On 11/26/2010 01:27 AM, Lennart Poettering wrote:
> On Thu, 25.11.10 17:33, Tomas Mraz (tmraz at redhat.com) wrote:
>
>>> Actually it's true, but in the near future all standard cron jobs
>>> might be runned by systemd
>>>
>>> http://0pointer.de/public/systemd-man/systemd.timer.html
>>>
>>> It's not 100 % cron replacement now, but who knows what the future holds :)
>> To add some argument to my previous sarcasm. I do not think that it
>> makes any sense to replicate cron functionality in systemd. Either you
>> replicate half of it and then you still need to run crond for the rest
>> or you replicate it completely.

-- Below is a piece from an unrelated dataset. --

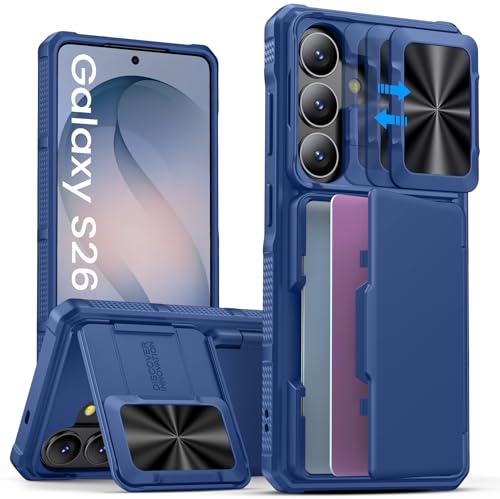 SSLOTSCASE for Samsung Galaxy S26 Case with Card Holder (3-5 Cards) [RFID Protection] & Stand & Sliding Camera Cover, Military-Grade Drop Protection Rugged Sturdy Phone Case for Galaxy S26 6.3", Blue - color: Blue, size: S26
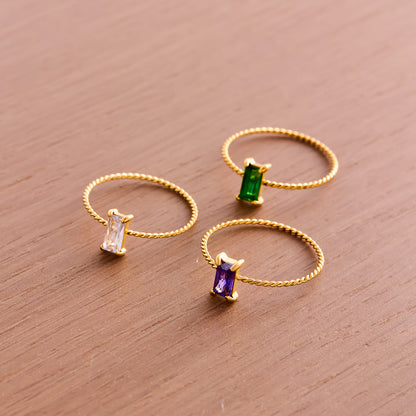 Colored square diamond ring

But in that case what is the saving over
>> the separate daemon? I'm sorry but I do not think that crond is anything
>> that "optimized out" by inclusion can improve performance of Linux
>> desktop/server/whatever. I do not say that cronie code cannot be
>> improved - it definitely can - but it does not make any sense to
>> reimplement it from scratch.
> crond is not particularly complex. And providing similar functionality
> in systemd is relatively easy as the more complicated stuff cron does is
> actually spawning the processes, and systemd is vastly more powerful
> with that. i.e. you can set IO/CPU schedulers, get sane logging, get all
> the cgroups niftyness, you can pull in extra deps, yadda yadda.
>
> Also, what's particularly interesting is that you can combine various
> triggers if you do this in systemd: i.e. have one timer-based trigger,
> and one inotify trigger (i.e. .path unit), and they start the same job,
> and you don't end up with duplicates and need locking. 
>
> And also, cron does a couple of really nasty things. For example it
> wakes up in regular intervals to check if a job is ready to run. It does
> so to deal with wallclock time changes/suspends. In systemd we are
> working on a different way to solve this, so that we can actually sleep
> as long as possible, and don't have to wake up in regular
> intervals. Also, this means we can have much more accurate time
> specifications, and we don't have to pay a price for it, due to
> this. This different design will even allow us to do amazing stuff that
> hasn't existed so far, for example, mark cron jobs so that they wake up
> the machine from suspend, and similar.
>
Cronie is using inotify, so it doesn't wake every minute as it used to.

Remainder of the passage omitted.